A Letter to New Moms: What I Wish I Had Known
A Letter to New Moms: What I Wish I Had Known
It’s not May yet, but Mother’s Day is in less than two weeks. For the next three weeks, we’re going to talk about moms. But if you’re not a mom, please don’t leave:
- Consider sharing with young moms this week’s letter (you might find yourself nodding even if you’re an “old mom” like me);
- Stay tuned for next week when we talk about how (and why) to tell some of your stories from your mother’s point of view
- Snap up five quotes for when parenting is hard.
For today, enjoy these musings on the struggles and joys of being a new mom:
New Moms May Struggle for Control and Competence
The bad news: Out (or in) comes the baby—out flies control and competence!
As a new mom, you will quickly realize that you have lost control and perhaps a sense of competence. In your former life as an English teacher, you knew what you were doing, but with childbirth, your life is flooded with uncertainty.
- That 6 hour epidural-free labor you planned — how about a 33-hour pitocin induction instead?
- That 2-year-old you thought would never scream in the super market? Just hand over the gummy vitamins!
The good news: Being a new mom will humble you — I mean — flat-out-on-the-floor humble.
Being a new mom will literally drive you to your knees, and while you’re down there fetching toys or changing a diaper, you might as well pray: A LOT! You will become, ironically, like a child, clinging to your Abba Father for moment-by-moment mercy.
Being a new mom will literally drive you to your knees—and while you're there, you might as well pray! #momlife #motherhood Share on XNew Moms May Struggle with a Sense of Shame and Failure
THE BAD NEWS: Being a new mom is a daily exercise in not-enoughness.
- When that baby won’t sleep through the night the way What to Expect 21st C. edition promised it would, you might feel that you are flawed.
- When you start shouting because your teething toddler won’t stop screaming, you will know you are flawed!
THE GOOD NEWS: It is good to know you are not-enough. You never were. Christ is enough, more than enough. The freedom and hope of the gospel is that our love and patience and kindness for our children grows as we enjoy God’s love and patience and kindness toward us.
You will grow in your understanding that there is no condemnation for those in Christ Jesus (Romans 8:1), and you will show your child what she most needs to know: in Christ, there is always hope for repentance and forgiveness; we never have to stay in shame or condemnation!
New Moms Don’t Have the Power to Make the Story Go our Way
THE BAD NEWS: Your parenting story, your child’s story, like the six-hour epidural-free labor you hoped for, will not often turn out the way you imagined it.
As you learn ever so quickly, even if you do things just right, there are no guarantees that what you do is going to “work.”
- You nurse every two hours, just as the lactation consultant told you, but your milk still isn’t coming in.
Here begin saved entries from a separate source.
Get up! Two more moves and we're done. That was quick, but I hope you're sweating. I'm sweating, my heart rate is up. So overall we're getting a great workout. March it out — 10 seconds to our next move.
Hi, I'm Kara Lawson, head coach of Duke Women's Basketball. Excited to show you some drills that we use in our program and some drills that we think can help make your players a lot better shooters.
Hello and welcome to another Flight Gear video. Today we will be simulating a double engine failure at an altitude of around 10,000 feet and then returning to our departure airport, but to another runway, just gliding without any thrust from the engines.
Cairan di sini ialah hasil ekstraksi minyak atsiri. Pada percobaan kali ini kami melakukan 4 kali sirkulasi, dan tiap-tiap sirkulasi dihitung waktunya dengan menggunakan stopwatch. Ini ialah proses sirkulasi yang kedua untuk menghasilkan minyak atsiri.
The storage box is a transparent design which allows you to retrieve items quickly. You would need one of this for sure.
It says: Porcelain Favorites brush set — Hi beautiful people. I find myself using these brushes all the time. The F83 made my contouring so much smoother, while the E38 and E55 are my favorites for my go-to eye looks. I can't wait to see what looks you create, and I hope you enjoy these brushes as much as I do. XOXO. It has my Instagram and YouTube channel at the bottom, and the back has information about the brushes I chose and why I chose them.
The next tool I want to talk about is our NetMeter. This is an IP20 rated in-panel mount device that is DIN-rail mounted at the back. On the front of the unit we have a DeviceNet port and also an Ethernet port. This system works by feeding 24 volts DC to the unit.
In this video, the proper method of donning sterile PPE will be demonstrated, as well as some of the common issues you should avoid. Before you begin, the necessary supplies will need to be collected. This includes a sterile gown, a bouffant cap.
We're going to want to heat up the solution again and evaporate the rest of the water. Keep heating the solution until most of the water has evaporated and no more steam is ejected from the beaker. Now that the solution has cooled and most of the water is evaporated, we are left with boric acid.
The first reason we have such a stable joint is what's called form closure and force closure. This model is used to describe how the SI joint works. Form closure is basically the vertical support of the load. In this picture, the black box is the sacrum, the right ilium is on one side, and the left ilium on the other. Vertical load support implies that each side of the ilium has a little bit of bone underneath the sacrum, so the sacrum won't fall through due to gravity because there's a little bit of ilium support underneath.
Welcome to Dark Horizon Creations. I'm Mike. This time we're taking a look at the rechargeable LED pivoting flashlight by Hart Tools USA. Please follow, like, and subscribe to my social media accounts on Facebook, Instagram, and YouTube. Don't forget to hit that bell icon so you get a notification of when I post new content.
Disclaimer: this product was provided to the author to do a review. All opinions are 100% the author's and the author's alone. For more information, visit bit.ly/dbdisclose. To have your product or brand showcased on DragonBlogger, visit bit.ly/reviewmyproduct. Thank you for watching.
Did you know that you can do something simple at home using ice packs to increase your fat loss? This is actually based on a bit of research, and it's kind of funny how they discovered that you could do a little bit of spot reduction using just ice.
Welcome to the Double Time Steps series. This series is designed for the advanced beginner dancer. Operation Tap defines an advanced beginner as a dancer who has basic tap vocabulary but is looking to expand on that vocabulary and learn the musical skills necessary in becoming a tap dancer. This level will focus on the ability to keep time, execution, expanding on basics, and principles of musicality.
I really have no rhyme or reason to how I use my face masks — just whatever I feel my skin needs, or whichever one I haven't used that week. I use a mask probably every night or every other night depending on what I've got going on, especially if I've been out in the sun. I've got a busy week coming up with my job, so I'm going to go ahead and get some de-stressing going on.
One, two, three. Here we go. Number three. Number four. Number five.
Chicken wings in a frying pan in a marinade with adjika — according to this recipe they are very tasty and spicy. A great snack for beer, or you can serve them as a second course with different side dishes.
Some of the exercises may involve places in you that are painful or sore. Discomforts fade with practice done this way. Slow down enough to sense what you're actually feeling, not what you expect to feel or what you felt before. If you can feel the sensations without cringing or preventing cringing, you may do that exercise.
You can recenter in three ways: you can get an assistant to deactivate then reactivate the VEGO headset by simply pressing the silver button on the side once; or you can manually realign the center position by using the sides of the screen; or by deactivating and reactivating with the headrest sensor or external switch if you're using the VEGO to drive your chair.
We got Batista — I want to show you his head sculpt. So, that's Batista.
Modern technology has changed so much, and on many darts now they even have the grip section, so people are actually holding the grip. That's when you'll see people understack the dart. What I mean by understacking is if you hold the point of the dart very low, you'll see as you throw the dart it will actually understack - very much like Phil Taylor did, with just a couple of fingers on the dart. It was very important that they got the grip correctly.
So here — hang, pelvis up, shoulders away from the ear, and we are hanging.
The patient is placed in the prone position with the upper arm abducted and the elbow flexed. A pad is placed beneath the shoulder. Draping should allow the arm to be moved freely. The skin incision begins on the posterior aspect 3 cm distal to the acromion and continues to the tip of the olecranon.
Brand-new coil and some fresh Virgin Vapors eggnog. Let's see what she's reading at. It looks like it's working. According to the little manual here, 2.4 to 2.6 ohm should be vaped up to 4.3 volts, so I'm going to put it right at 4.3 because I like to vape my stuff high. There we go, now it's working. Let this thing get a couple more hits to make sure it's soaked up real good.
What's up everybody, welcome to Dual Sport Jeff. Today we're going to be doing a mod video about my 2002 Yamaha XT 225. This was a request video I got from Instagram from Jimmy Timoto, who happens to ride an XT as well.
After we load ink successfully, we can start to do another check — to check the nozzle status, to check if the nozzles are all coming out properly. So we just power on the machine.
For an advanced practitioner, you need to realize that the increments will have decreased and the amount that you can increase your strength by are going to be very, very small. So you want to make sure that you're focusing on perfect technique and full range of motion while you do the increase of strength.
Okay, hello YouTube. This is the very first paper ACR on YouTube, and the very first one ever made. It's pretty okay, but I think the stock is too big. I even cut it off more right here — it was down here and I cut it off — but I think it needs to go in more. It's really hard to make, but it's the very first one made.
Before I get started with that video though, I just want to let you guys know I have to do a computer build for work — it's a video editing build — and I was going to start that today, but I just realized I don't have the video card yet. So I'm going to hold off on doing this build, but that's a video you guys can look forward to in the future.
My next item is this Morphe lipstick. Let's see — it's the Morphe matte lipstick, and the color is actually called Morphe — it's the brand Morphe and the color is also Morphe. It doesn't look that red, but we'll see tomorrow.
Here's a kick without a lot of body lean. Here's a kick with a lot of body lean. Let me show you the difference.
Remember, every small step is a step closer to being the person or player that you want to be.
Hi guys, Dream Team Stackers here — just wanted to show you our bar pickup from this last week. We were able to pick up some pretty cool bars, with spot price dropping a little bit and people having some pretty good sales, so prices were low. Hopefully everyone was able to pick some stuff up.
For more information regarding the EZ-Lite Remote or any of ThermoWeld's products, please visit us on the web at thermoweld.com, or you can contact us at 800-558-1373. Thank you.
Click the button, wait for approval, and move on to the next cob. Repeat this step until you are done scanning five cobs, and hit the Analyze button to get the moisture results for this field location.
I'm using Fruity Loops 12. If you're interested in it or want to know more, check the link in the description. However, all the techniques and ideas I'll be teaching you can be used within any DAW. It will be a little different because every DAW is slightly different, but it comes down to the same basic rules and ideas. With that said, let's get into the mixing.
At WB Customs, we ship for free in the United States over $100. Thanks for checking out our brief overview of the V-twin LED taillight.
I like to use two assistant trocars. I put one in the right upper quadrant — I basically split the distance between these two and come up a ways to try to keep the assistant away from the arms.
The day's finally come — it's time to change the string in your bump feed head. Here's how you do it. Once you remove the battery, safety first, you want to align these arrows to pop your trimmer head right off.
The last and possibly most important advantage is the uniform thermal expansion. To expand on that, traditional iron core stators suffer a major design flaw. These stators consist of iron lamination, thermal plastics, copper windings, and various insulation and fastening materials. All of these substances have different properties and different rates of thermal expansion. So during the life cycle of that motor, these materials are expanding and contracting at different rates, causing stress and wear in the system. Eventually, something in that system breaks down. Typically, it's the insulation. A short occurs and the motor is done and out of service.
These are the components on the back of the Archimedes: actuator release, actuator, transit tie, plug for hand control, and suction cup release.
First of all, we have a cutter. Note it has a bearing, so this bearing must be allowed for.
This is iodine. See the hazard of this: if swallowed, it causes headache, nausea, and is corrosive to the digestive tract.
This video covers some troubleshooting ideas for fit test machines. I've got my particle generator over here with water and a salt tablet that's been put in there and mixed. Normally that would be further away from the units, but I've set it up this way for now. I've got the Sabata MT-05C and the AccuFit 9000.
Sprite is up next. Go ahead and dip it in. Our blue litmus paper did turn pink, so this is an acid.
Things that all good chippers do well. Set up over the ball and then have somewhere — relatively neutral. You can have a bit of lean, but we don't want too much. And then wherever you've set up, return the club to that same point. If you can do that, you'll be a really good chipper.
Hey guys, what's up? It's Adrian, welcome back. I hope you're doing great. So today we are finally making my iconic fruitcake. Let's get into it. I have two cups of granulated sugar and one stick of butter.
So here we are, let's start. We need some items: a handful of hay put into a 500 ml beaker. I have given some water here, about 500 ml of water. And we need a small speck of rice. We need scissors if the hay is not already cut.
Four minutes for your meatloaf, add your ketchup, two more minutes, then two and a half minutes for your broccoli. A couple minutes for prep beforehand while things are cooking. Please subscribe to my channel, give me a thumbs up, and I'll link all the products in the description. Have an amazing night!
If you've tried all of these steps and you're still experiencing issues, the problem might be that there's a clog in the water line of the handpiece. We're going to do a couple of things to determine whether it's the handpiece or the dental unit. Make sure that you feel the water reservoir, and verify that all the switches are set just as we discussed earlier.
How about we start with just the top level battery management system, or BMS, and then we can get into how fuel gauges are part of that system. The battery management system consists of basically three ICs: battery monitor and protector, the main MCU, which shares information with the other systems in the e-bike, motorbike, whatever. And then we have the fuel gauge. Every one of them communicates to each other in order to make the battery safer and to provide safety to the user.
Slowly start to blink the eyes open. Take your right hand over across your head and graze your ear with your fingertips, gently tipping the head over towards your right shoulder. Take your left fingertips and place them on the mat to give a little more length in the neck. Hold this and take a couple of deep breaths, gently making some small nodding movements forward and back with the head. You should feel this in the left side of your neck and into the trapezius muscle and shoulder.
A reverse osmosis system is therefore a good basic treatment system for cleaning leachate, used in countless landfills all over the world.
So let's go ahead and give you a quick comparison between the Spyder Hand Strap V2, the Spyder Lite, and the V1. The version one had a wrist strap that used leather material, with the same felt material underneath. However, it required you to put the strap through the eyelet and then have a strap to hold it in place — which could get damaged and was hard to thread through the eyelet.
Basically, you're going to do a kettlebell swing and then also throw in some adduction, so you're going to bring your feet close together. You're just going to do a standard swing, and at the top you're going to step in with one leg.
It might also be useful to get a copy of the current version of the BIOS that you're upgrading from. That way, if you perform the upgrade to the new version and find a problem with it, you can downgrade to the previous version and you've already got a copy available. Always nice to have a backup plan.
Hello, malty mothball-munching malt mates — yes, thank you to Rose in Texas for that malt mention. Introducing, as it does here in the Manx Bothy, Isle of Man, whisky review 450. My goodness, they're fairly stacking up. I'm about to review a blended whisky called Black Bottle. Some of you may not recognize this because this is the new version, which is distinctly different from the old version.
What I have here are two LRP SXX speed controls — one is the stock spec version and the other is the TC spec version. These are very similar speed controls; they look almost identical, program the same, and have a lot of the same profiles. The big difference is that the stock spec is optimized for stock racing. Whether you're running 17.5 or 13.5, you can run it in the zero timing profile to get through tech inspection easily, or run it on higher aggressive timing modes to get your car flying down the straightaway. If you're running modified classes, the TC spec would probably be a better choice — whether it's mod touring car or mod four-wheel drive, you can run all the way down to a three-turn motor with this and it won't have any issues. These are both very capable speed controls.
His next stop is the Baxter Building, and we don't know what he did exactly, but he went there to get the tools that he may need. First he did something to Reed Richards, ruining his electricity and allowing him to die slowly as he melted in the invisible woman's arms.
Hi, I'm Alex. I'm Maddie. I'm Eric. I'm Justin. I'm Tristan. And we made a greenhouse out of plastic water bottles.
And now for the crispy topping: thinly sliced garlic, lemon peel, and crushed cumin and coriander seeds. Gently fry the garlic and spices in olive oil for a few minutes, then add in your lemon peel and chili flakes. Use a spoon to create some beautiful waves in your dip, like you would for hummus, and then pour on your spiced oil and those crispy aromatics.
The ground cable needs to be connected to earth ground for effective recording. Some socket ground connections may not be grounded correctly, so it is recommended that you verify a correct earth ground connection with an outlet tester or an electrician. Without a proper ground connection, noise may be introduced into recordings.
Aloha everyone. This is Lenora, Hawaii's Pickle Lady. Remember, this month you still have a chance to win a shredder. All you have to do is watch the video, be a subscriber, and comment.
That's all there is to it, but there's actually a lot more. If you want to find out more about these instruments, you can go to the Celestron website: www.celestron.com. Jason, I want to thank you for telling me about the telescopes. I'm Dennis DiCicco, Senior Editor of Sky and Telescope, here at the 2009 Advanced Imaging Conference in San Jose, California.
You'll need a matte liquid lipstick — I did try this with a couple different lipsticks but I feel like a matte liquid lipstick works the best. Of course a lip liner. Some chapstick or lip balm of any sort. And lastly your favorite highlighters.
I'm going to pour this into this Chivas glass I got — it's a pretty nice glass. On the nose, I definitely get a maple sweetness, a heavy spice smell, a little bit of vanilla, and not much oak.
- You teach that 10-month-old-early-walker the word “no,” and you even try to distract her. She pauses long enough to shoot you a look you will see again when she is a teenager. Then she goes ahead and climbs on the kitchen chair.
THE GOOD NEWS: God is writing a better story than we could ever imagine. He is redeeming our hearts as we let go of control and competence, as we humble ourselves and depend on Him, as we rest in his more-than-enough love for us!
From this old mom to all you new moms, take heart. You will likely struggle with some of these heart issues all of your parenting life, but the good news is that God is making all things new, redeeming our hearts and our children’s hearts through the sorrows and the joys.
A Prayer for New Moms
Lord, we bow before you, the only perfect parent. Wrap us, we pray, in your mothering wings, protecting us and nurturing us, even as we seek to nurture these children you have written into our stories. When we think we can’t change one more dirty diaper today or deal with one more toddler tantrum, give us the strength to endure, and the compassion to love. When we feel like complete failures because our kids are disobeying or not working the plan we had written for the day, help us to know your delight in us and our children. As we try to meet our children’s needs, help us to come to you as your children, knowing that you have called all who are weary and heavy-laden. In Jesus’ name we pray. Amen.